* **About this exercise**
Pictures are to be left out; every line from the one that holds "ninth gate scene2" to the end of the data is to be retyped exactly.

■ ■ ■

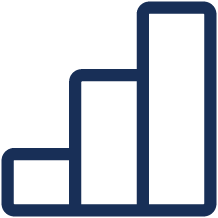 Strategy Developers Icon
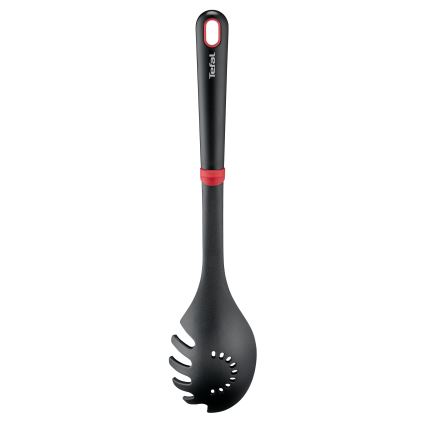 Tefal - INGENIO Pasta Server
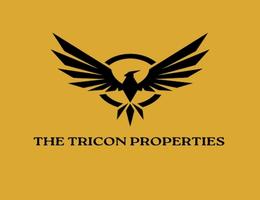 THE TRICON PROPERTIES L.L.C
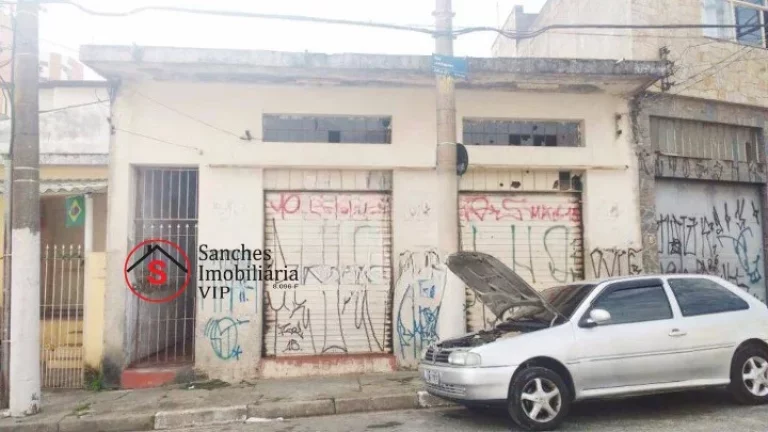 Imagem Ótima oportunidade, terreno com 178 metros quadrados, 8x22 Localizado na Vila zelina na região da Vila Prudente, proximo da padaria Cepam, Hortifrutt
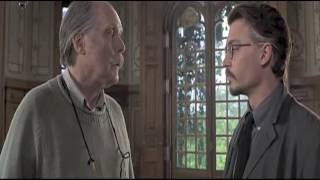 ninth gate scene2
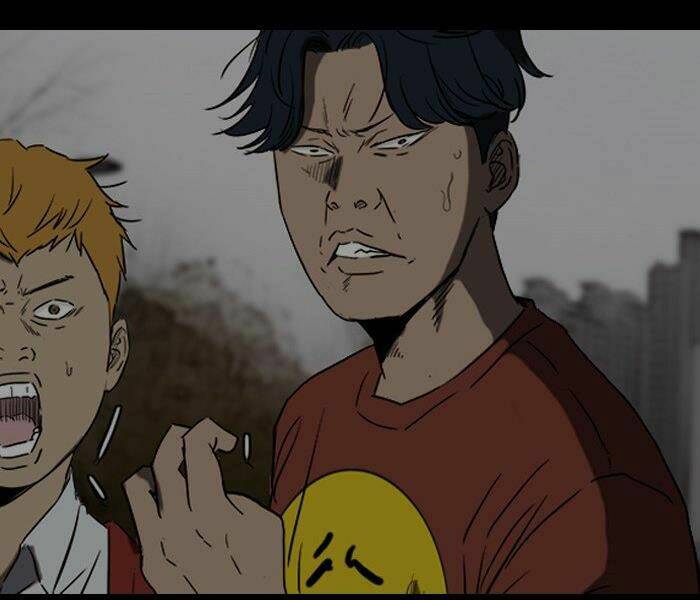 Thể Thao Cực Hạn - Chapter 160 - Page 101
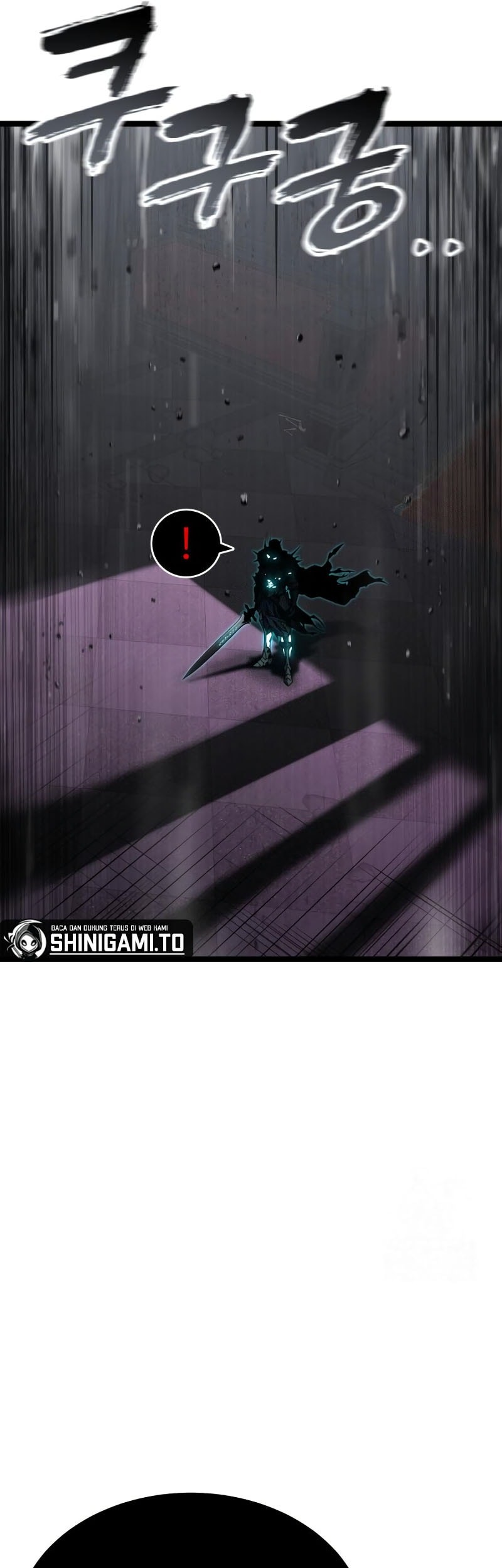 Chapter 31 - halaman 39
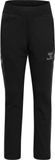 hummel hmlMOVE 2.0 PANTS KIDS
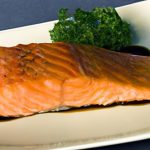 Master the Art of Grilled Salmon: A Delicious Recipe Guide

■ ■ ■

* **Result for this exercise**
 ninth gate scene2
 Thể Thao Cực Hạn - Chapter 160 - Page 101
 Chapter 31 - halaman 39
 hummel hmlMOVE 2.0 PANTS KIDS
 Master the Art of Grilled Salmon: A Delicious Recipe Guide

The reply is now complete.